Por razones históricas, se considera a la epístola como un documento extenso contrapuesto a la carta, de dimensiones económicas. Ambas son la misma cosa, pero las epístolas cruzadas entre algunos filósofos de la Antigüedad, o las que envió San Pablo a las primeras comunidades cristianas, o las de Abelardo y Eloísa, o las de Erasmo y Tomás Moro, hacen suponer que la epistolaridad requiere de un largo aliento, como las Cartas de relación, de Hernán Cortés, dirigidas a Carlos V.

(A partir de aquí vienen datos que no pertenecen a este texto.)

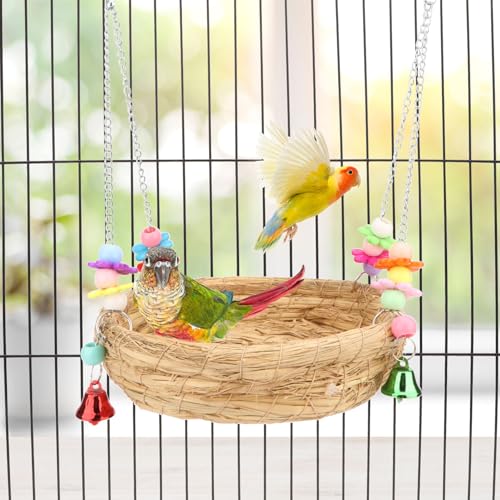 Hypeety Natural Handwoven Straw Bird Nest Bed Bird Swing Toy with Bells | Natural straw, handwoven, breathable and chewproof nest, easy-hanging with 2 hooks, for parakeet/cockatiel/budgie cage perch - color: A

Las amistades peligrosas, Ilustración

Acostumbrados hoy a esas cosas raras, entre instantáneas, urgentes y superfluas, como el chat, los emilios, los mensajes por celular y el twitter, resulta impensable acomodar la epístola In carcere et vinculis, escrita por Oscar Wilde en la cárcel de Reading, en alguno de los cuatro formatos mencionados; no digamos en los alcances de una carta escrita “a la antigüita” para ser enviada por sobre con timbres y matasellos a alguna dirección cercana o remota. La correspondencia moderna no siempre es generosa, no obstante los muchos ejemplos conservados de autores visibles como Mozart, Goethe, Beethoven o Cortázar, y para entender eso baste recordar (o imaginar) la manera como se distribuían las cartas antes de la aparición de las oficinas de correos, por no mencionar los cambios en los soportes para escribir: tablillas enceradas, pergamino, papel; o en los materiales para escribir: punzones, pinceles, plumas de ave, tintas; o en los formatos de envío: paquetes, rollos, sobres. Y algo más: la velocidad del transporte. Ni modo de escribirle una carta a Lutero para decirle:  “Martín, se me olvidó pedirte una notita acerca de tu idea del libre examen. Erasmo.” De ahí que en esas epístolas se fueran acumulando meses y meses de reseñas, actividades y cavilaciones, como en las escritas por el padre Kino durante sus viajes californianos.

Detrás de las cartas y epístolas se encuentran dos hechos inadvertidos que parecen uno solo: los de la lecto-escritura. Alguien lee y alguien escribe, uno pergeña signos para que otro los descifre. Sin escribanos ni lectores la actividad epistolar es incomprensible; cuando el escribano es, simultáneamente, el lector, ha ocurrido el salto cualitativo que la burocracia de la sep preconiza como el de la “alfabetización” conquistada. Cuando una parte del mundo ha aprendido a leer y escribir, es capaz de enviarse cartas. Cuando la complejidad de las mismas revela descubrimientos, intrigas, textos y subtextos, aparece un fenómeno que, posteriormente, se convertirá en literatura: el de las novelas (y cuentos) epistolares.

La palabra correspondencia significa “responder a otro”, o “ir respondiendo junto con otro” y recuerda el afamado circuito del habla descrito por Ferdinand de Saussure, pero en lengua escrita. Ahí está la Carta atenagórica, de sor Juana: fue escrita en noviembre de 1690, por petición del obispo Manuel Fernández de Santa Cruz,  “amigo” de la poetisa, y criticaba unos viejos sermones del jesuita portugués Antonio Vieira acerca de las finezas de Jesús. Visto el escándalo producido por esa carta “digna de Atenea”, el obispo reconvino a sor Juana con el seudónimo de Filotea de la Cruz, lo cual culminó con la Respuesta a sor Filotea de la Cruz (1691), episodio final antes de la derrota y muerte de la autora.

Este ejemplo parece el argumento de una maquiavélica novela cuya finalidad sería la de mostrar la aniquilación de un personaje femenino. Durante el siglo posterior a la muerte de Juana de Asbaje, Choderlos de Laclos escribió una de las más prodigiosas novelas epistolares, Las amistades peligrosas, donde hombres y mujeres juegan un peligroso ajedrez en el que la mujer ya no está sometida a los rigores masculinos: al revés. Todo ocurre mediante un ejercicio de cartas desde las que se corresponden (dis)favores personales. Como decía Cortázar:  “Ahí te quiero ver”.